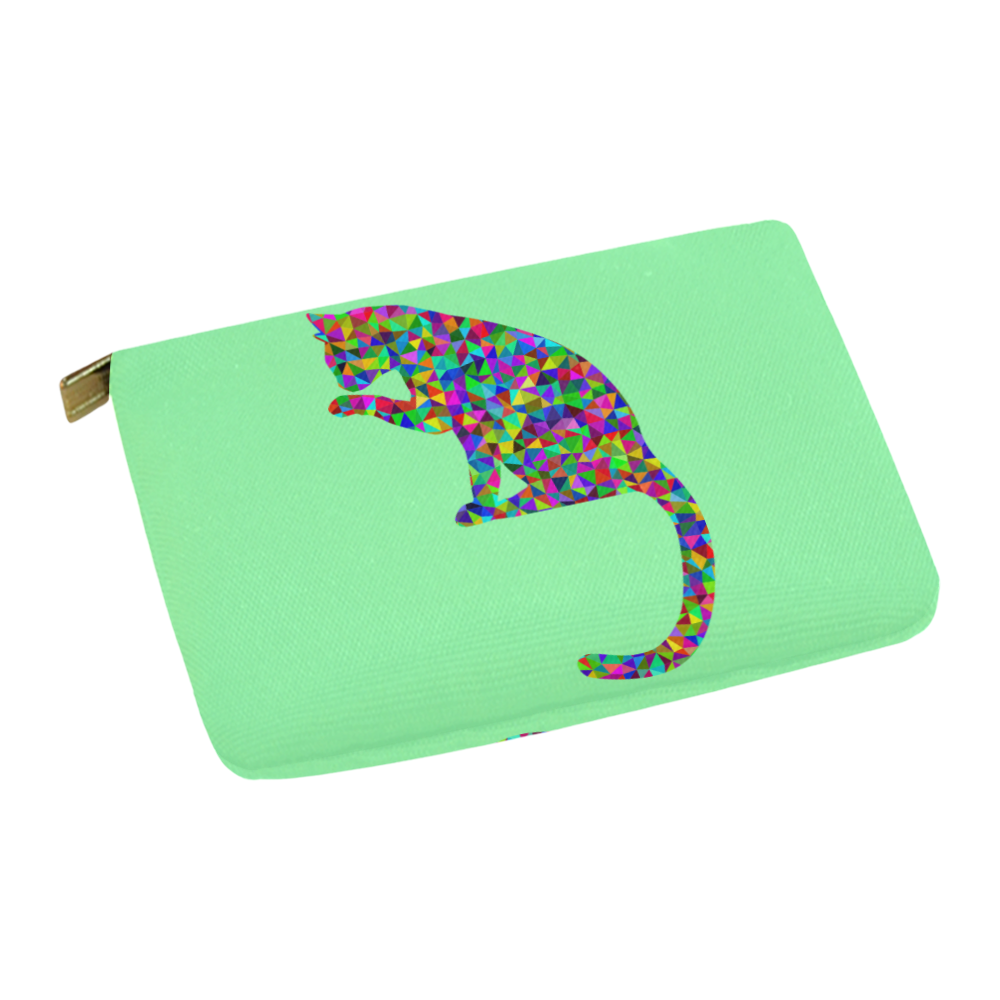 Sitting Kitty Abstract Triangle Mint  Green Carry-All Pouch 12.5''x8.5''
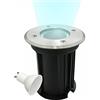 Partenopeautensili® Faretto segnapasso calpestabile lampada da incasso con attacco GU10 impermeabile IP65 per esterno giardino Viali sentieri By Universo (Tondo Luce Fredda 6500k)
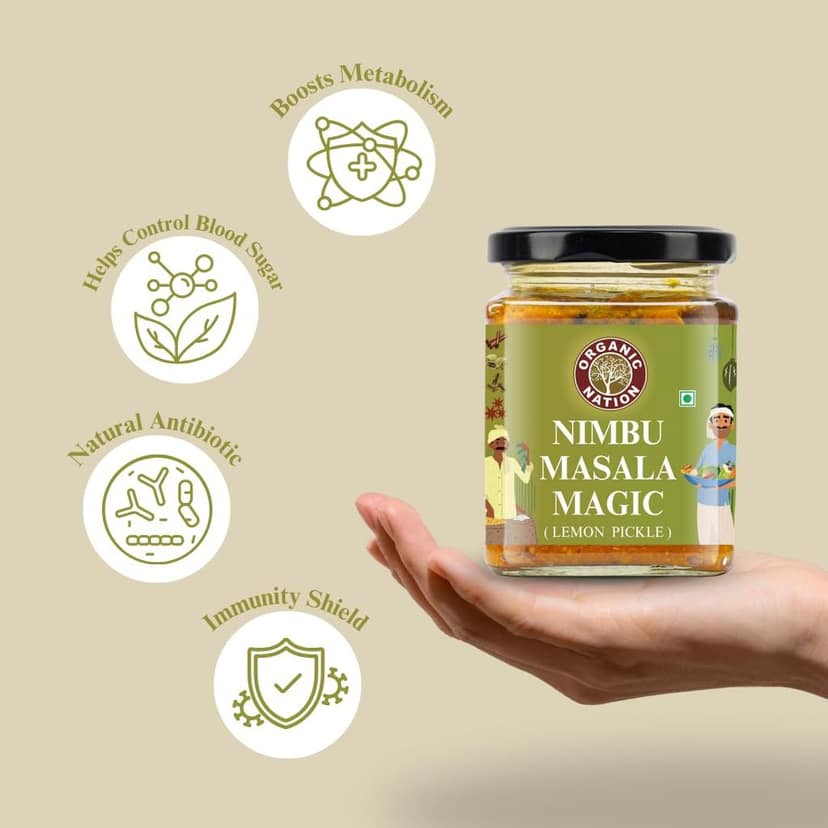 Organic Nation Lemon Pickle� Nimbu ka achar| Homestyle Taste with Traditional Recipe | 100% Natural & Preservative-Free | Traditional Indian Achar | Tangy & Spicy Flavour 250g view 6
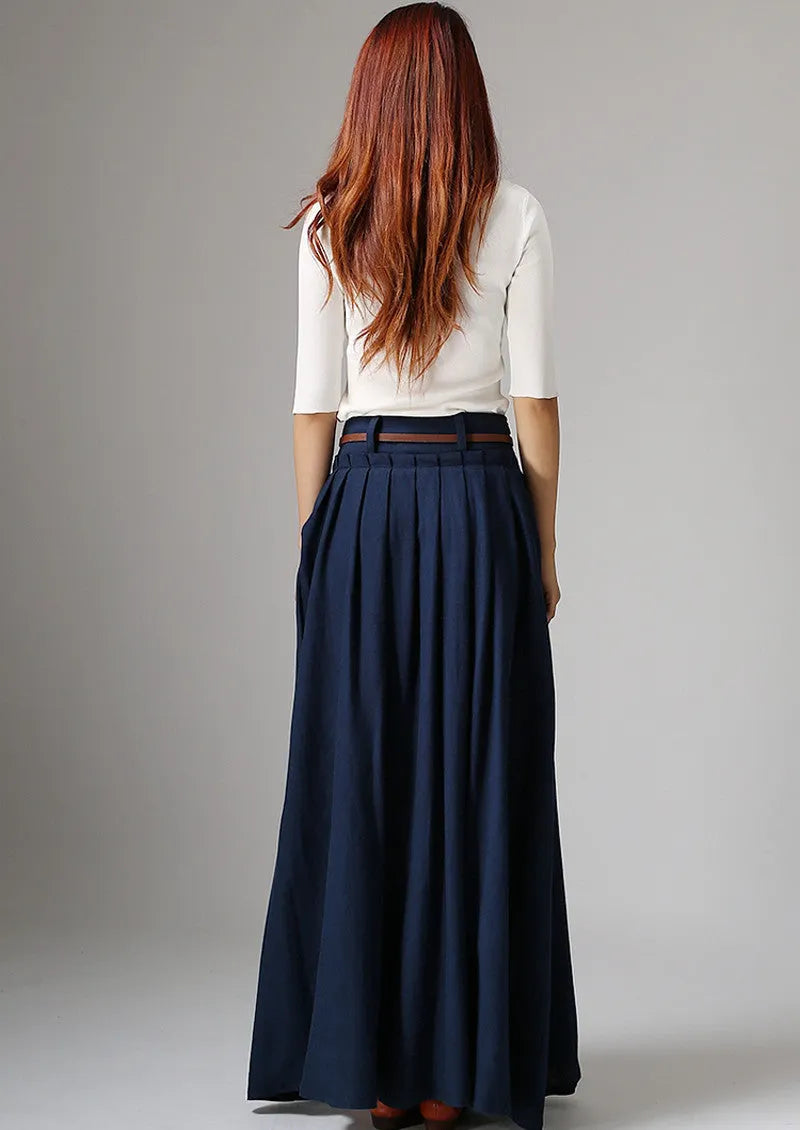 Handmade Navy Blue Linen Maxi Skirt – High Waist with Pockets 1046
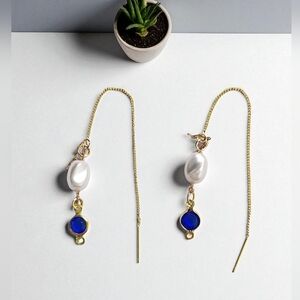 18K Gold Plated Threader Faux Pearl Gold Blue Faceted Zircon Dangle Ear…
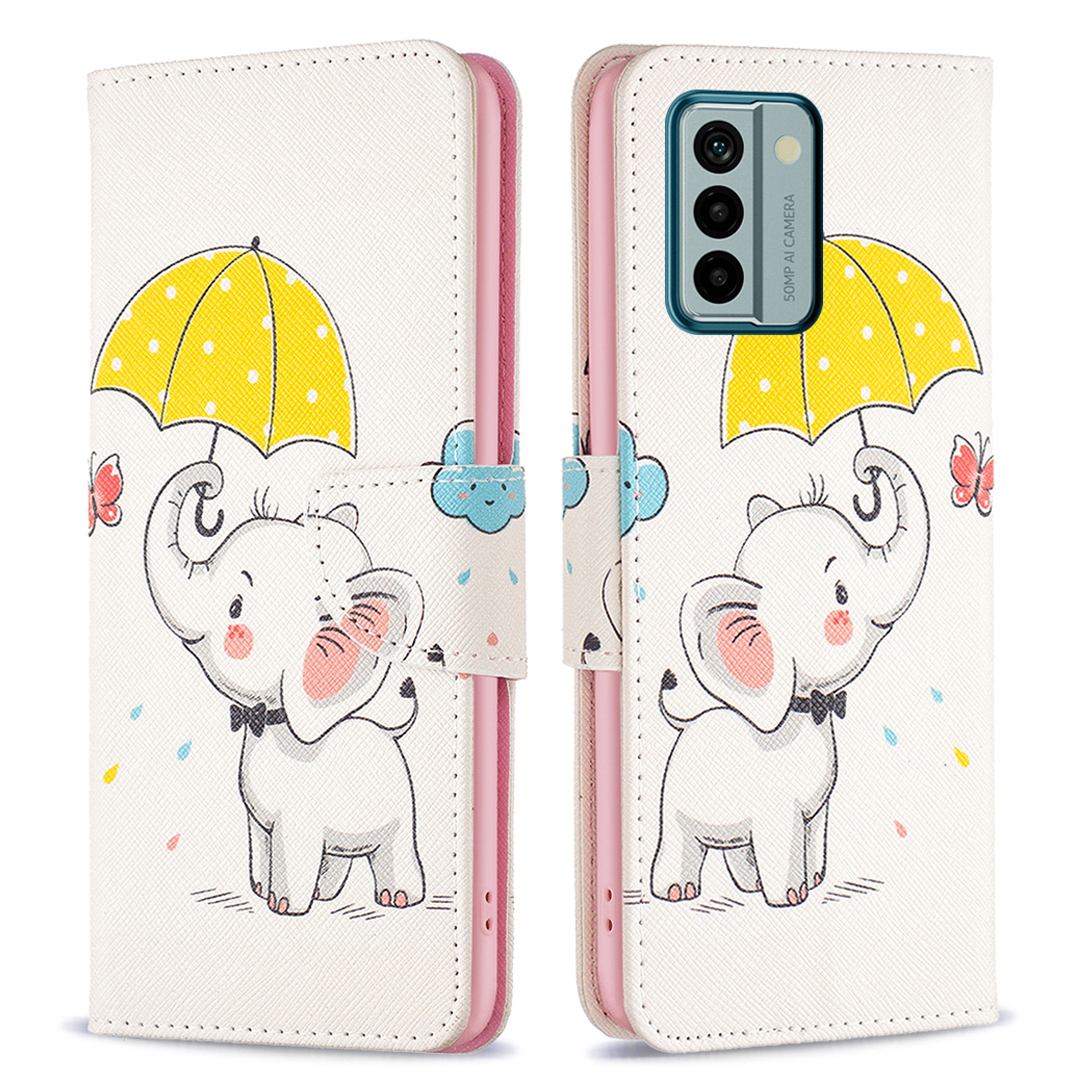 

Binfen -farbe Für Nokia G22 Lederständer Phone Hülle Muster Druckmagnetverschluss Brieftasche Abdeckung - Regenschirm Und Elefant, Nokia G22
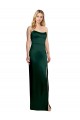 Scooped Strapless Neckline Stretech Satin Formal Dress with Side Slit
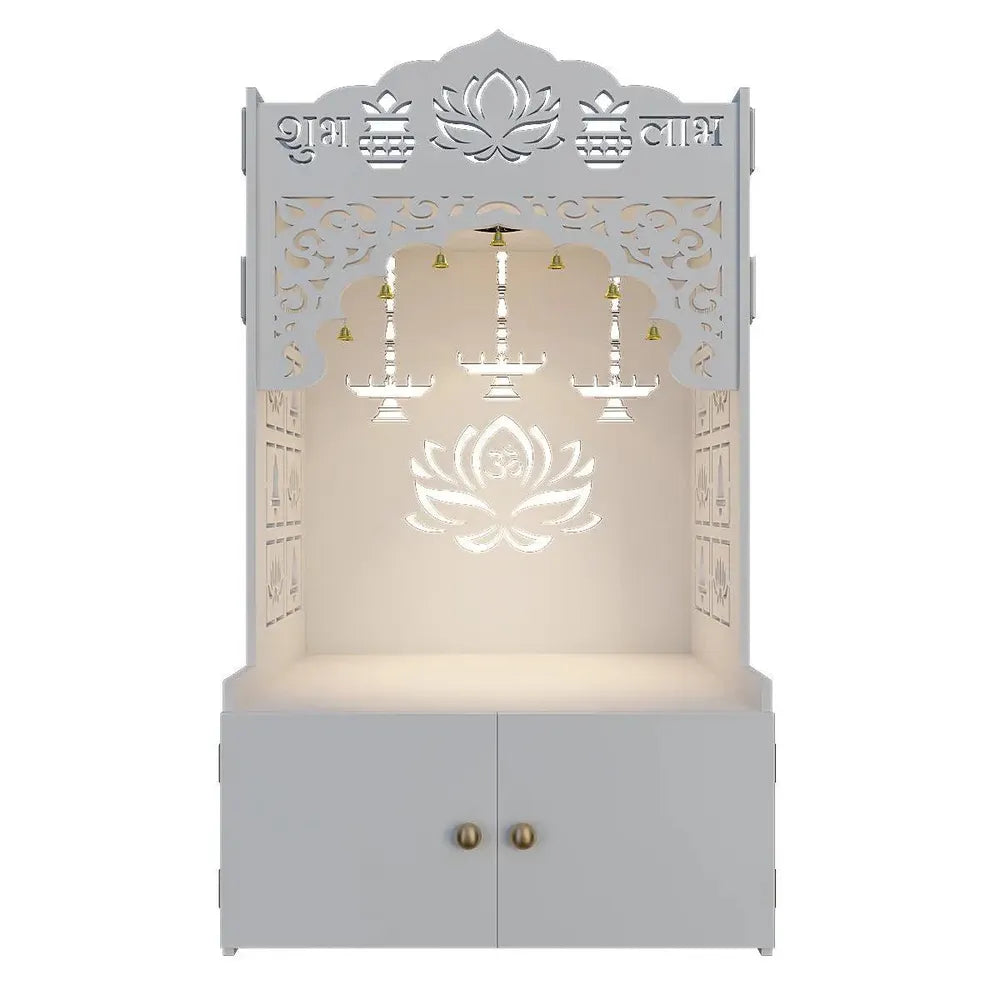 Lotus Pattern MDF Wood Temple with Spacious Shelf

□ □ □ □ □

> _What the task requires_
The line containing "Handmade Navy Blue" marks the end: retype every line from the first one in the listing up to and including it, without pictures.

> _Written reply_
 Sitting Kitty Abstract Triangle Mint  Green Carry-All Pouch 12.5''x8.5''
 Partenopeautensili® Faretto segnapasso calpestabile lampada da incasso con attacco GU10 impermeabile IP65 per esterno giardino Viali sentieri By Universo (Tondo Luce Fredda 6500k)
 Organic Nation Lemon Pickle� Nimbu ka achar| Homestyle Taste with Traditional Recipe | 100% Natural & Preservative-Free | Traditional Indian Achar | Tangy & Spicy Flavour 250g view 6
 Handmade Navy Blue Linen Maxi Skirt – High Waist with Pockets 1046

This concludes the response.